I was completely blindsided. I had no reason not to trust her. Why would someone do something so destructive to another, with seemingly no benefit whatsoever to herself?

Pathological Liar:

(noun) 1. a person who tells lies frequently, with no rational motive for doing so.

I know it could have been worse. I did not lose money to this person. I did not engage in a romantic relationship with someone like this. I did not even dedicate so much time to her fantasy proposal. But I did lose what I thought was a dream come true. A possibility. An opportunity. Something I desperately wanted.

And I fell for it. Hook, line and sinker. I don’t necessarily think I was being naïve or missed the signs and signals. But I do know I so badly wanted to believe her offer that I certainly was quick to write off anything that didn’t fully make sense to me.

When I first figured out I had been had, I cried. Then I got seriously angry. Debated if I should seek revenge by letting others know, if I owed it to her other friends to warn them that they were dealing with someone psychotic, or if I should just be the bigger person, drop it and move on.

I still am not completely decided on what I will ultimately do. But there is a reason I am writing this article. And it is part of my healing process.

There is a concept in Jewish Mysticism that when something bothers us in another person we are very often staring in the mirror. The issues we find and encounter in our lives relate to the very work we must deal within ourselves.

So then the real questions for me are: how am I dishonest with myself? How do I create stories, possibilities, opportunities that don’t truly exist? That don’t represent who I am, what I do and what I am capable of? What lies do I keep feeding, believing and living with?

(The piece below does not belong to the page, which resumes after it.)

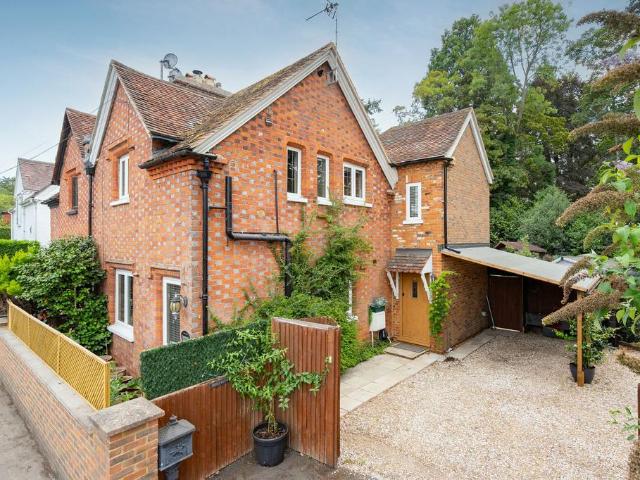 House for sale in Shrubs Hill, Sunningdale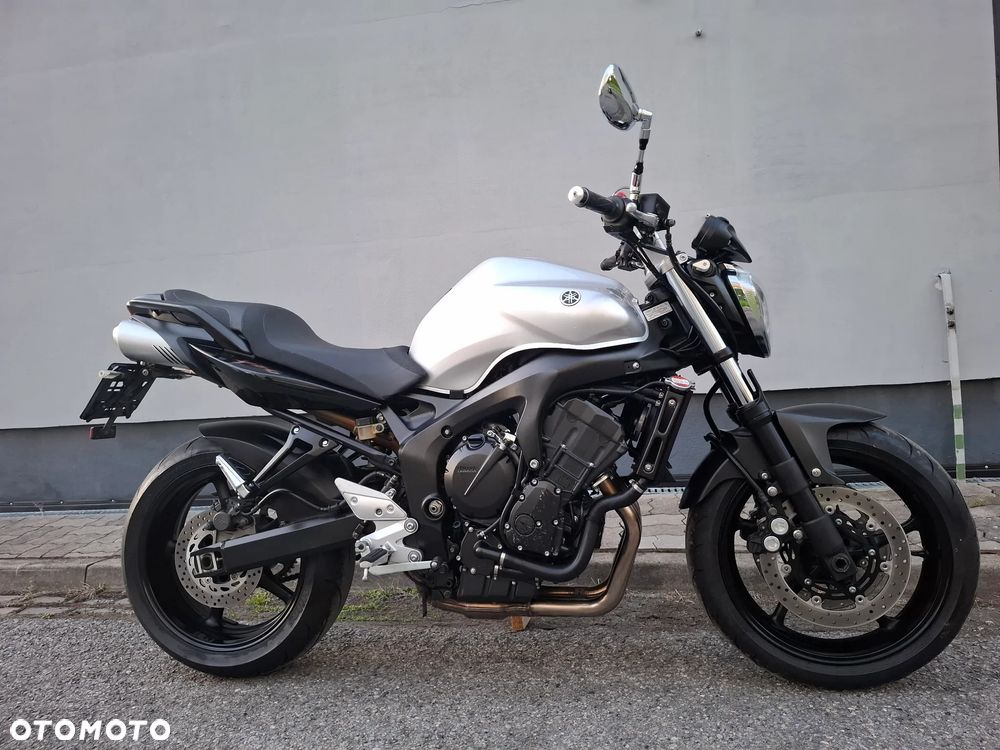 Yamaha FZ6 - 21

To fill you in a bit more, a woman I had known and taught called me out of the blue after about a year of no contact. She presented me with an incredible opportunity to work for her company. Something that would have utilized my talents and strengths in a direction and way that I never had the guts to try myself. She was giving me that “in” to a world I didn’t know how to broach but so very much wanted to engage with. It was exactly what I wanted. Needed. Hoped for. Dreamed of. And here it was, on a silver platter, no resume or interview necessary. Just an agreement that I would fly across the country and dedicate a week to meeting and getting to know the billion dollar company that she worked for.

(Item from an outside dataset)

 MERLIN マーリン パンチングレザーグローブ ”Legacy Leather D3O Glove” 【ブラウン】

I thought I had won the lottery. Little did I know I never even had a ticket.

I figured it out when she wouldn’t return my calls, emails or messages. At first I thought she was just incredibly busy. But eventually I had to face that no one is that busy.

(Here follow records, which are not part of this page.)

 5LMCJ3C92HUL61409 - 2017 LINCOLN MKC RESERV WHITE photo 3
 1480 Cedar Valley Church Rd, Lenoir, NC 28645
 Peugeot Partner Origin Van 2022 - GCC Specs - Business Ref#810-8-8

So while she had never given me her work email or phone, only her personal cell, I thought I would try the company with the hope that her secretary could suggest some good times to reach her. The operator answered. I spelled her name twice. Letter by letter. But the guy told me they had no one there by that name. Perhaps at a different office or location? Nope. No one by that name in their global directory. I was still so hopefully that I actually thought this guy didn’t look her up correctly. So I called back after hours hoping to get another operator and I did. Yet only to receive the very same response.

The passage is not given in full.